*Required work:*
Below are entries. Give back exactly the lines from the one containing "Лампа светодиодная A60" through the one containing "LENDISIY 4L Obstmühle", inclusive, without the pictures.

Supplied data START

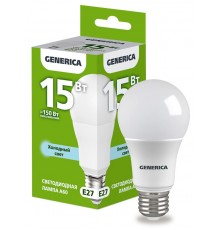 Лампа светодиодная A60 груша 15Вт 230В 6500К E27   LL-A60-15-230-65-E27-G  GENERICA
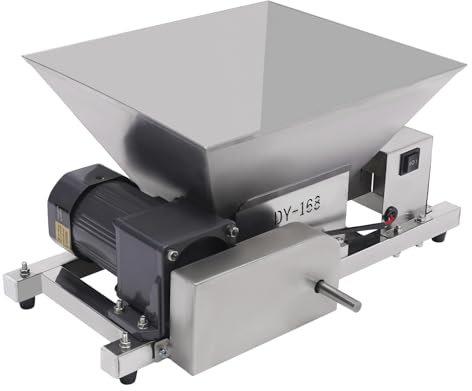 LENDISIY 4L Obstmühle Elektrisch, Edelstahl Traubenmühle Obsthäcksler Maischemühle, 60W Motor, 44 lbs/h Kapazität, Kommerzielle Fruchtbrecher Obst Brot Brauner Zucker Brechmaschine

Supplied data END
Supplied data START

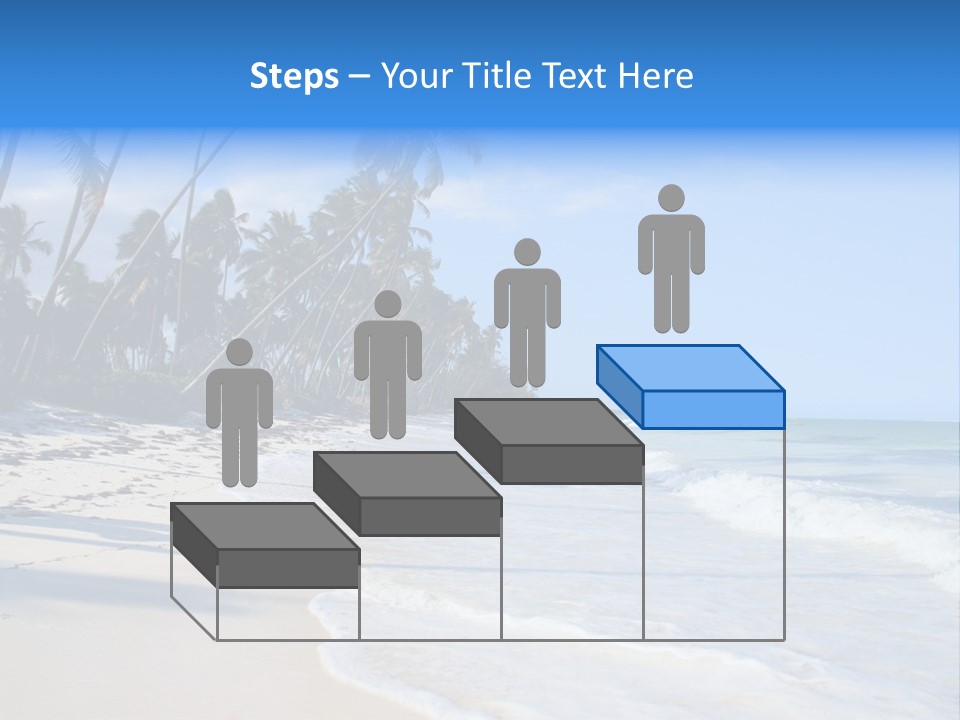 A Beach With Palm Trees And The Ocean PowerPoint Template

Supplied data END

*Worked solution:*
 Лампа светодиодная A60 груша 15Вт 230В 6500К E27   LL-A60-15-230-65-E27-G  GENERICA
 LENDISIY 4L Obstmühle Elektrisch, Edelstahl Traubenmühle Obsthäcksler Maischemühle, 60W Motor, 44 lbs/h Kapazität, Kommerzielle Fruchtbrecher Obst Brot Brauner Zucker Brechmaschine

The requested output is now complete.